▶ _Requirement_
Output every line from the beginning of the records through the line that contains "Abb7: Lage&uuml;bersicht von", exactly as it appears.

▶ _Material to process_
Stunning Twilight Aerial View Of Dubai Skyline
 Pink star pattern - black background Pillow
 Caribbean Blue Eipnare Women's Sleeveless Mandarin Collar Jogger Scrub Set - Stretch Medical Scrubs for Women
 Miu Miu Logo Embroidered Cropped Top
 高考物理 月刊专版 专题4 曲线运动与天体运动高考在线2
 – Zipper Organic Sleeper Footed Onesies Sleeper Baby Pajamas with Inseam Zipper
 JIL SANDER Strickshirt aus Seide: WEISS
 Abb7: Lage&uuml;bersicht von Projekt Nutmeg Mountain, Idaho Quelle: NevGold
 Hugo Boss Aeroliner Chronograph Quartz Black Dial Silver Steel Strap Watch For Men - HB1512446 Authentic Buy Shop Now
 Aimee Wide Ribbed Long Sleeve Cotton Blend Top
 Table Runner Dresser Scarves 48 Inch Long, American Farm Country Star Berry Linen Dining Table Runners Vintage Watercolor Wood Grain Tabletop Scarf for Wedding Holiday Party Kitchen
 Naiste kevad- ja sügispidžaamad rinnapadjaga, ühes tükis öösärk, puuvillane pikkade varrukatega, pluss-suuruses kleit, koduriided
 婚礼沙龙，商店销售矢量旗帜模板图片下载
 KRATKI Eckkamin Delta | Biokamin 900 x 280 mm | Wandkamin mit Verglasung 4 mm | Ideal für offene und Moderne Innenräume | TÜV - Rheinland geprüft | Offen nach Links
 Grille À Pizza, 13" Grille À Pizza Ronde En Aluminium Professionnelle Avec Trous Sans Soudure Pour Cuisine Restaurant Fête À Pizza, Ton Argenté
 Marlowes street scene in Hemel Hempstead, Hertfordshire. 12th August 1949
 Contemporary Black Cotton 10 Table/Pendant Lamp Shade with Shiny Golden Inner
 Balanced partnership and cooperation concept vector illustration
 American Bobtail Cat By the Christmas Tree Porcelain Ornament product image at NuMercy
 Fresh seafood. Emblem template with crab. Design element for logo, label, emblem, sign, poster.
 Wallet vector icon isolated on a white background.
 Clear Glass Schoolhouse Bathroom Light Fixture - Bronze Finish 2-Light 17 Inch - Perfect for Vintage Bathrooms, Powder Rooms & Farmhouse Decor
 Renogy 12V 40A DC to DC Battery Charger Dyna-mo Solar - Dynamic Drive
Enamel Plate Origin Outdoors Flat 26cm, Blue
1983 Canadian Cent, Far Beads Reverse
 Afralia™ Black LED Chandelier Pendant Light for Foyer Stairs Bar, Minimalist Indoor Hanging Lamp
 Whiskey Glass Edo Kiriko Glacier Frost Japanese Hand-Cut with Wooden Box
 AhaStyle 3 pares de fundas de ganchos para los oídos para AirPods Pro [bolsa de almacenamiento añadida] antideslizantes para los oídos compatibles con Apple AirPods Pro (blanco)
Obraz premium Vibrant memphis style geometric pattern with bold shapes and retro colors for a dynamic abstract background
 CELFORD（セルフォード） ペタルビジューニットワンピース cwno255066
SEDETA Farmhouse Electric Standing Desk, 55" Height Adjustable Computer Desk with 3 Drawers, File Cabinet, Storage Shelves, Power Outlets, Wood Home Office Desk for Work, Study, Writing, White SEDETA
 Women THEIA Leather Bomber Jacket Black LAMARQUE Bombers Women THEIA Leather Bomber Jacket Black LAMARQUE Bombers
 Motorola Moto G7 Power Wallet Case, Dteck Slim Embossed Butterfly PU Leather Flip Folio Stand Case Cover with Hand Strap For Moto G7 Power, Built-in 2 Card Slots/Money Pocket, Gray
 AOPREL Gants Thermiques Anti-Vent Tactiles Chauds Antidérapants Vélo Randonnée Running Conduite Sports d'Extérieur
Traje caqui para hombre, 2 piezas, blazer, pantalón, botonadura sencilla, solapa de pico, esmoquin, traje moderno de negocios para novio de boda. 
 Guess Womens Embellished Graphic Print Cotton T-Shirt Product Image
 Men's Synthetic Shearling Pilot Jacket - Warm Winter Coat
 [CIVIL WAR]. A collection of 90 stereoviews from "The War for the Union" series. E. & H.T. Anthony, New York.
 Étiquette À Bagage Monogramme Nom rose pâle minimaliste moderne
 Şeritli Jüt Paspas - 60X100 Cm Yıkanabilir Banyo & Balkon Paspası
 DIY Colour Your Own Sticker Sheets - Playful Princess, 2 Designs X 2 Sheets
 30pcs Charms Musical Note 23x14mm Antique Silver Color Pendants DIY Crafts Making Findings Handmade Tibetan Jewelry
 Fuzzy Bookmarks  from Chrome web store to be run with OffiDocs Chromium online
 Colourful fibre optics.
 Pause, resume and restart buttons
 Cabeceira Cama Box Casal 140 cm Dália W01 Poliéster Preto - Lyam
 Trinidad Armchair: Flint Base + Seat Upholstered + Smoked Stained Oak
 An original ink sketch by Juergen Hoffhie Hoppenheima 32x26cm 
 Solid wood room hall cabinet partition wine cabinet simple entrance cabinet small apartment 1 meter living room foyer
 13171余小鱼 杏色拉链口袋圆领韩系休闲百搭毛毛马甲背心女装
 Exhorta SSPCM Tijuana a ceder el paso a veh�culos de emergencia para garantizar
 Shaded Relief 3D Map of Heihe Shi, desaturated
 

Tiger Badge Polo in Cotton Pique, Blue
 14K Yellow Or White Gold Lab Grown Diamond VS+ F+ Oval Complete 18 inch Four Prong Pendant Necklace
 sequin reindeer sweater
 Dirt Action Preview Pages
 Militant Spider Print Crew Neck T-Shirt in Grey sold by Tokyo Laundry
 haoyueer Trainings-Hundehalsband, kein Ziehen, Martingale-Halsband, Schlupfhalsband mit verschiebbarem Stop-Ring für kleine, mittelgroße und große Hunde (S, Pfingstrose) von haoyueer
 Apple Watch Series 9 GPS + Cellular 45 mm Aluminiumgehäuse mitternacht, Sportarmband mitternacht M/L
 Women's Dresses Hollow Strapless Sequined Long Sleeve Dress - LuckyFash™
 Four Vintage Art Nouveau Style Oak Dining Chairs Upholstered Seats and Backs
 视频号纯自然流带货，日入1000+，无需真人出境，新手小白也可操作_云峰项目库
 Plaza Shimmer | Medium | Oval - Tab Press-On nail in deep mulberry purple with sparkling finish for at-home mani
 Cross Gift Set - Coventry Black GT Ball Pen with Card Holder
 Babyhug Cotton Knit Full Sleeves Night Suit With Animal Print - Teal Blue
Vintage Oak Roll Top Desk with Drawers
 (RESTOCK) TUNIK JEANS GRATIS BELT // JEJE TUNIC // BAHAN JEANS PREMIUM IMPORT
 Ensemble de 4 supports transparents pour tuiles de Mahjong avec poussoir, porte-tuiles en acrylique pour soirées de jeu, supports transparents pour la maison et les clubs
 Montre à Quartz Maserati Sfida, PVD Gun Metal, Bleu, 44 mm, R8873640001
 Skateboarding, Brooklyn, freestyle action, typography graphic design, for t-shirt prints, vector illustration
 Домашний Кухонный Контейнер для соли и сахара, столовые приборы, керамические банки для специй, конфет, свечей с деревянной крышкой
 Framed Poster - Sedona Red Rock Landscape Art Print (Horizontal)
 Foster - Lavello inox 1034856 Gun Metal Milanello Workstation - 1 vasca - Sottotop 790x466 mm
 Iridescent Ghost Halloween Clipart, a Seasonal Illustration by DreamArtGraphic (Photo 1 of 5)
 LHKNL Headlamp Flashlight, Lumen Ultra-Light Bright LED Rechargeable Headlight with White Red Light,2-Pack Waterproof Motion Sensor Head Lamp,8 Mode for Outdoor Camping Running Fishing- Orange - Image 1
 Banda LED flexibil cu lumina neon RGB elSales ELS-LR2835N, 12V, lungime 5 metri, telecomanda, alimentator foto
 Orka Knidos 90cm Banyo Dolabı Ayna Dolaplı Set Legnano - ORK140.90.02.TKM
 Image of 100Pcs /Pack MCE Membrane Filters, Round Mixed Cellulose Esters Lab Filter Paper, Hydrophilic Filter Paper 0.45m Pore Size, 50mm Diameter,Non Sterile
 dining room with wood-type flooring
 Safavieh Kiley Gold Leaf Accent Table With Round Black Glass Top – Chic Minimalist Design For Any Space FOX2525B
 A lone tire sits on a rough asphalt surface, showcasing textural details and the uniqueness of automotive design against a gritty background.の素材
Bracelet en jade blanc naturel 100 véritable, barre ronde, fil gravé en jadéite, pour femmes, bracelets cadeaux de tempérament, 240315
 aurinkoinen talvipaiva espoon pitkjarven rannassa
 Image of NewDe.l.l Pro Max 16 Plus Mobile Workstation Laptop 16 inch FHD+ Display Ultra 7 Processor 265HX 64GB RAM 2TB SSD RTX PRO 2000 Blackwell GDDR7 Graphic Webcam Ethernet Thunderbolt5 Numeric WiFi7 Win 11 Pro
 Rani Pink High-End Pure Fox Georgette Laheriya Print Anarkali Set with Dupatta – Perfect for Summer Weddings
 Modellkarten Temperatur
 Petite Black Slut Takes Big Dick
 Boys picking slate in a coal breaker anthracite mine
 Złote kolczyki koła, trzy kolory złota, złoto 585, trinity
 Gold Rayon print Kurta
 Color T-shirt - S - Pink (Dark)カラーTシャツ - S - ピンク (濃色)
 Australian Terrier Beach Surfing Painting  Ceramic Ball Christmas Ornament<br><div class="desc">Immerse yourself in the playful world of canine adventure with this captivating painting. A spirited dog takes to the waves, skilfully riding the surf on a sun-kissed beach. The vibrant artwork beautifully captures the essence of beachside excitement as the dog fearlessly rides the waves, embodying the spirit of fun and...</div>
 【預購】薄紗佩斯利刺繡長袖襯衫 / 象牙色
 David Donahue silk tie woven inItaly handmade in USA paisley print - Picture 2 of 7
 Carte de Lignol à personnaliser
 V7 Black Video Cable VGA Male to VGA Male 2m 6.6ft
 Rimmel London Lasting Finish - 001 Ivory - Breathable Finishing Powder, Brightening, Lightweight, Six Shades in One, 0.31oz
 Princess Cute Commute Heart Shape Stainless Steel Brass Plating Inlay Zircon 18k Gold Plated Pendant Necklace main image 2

▶ _Answer section_
Stunning Twilight Aerial View Of Dubai Skyline
 Pink star pattern - black background Pillow
 Caribbean Blue Eipnare Women's Sleeveless Mandarin Collar Jogger Scrub Set - Stretch Medical Scrubs for Women
 Miu Miu Logo Embroidered Cropped Top
 高考物理 月刊专版 专题4 曲线运动与天体运动高考在线2
 – Zipper Organic Sleeper Footed Onesies Sleeper Baby Pajamas with Inseam Zipper
 JIL SANDER Strickshirt aus Seide: WEISS
 Abb7: Lage&uuml;bersicht von Projekt Nutmeg Mountain, Idaho Quelle: NevGold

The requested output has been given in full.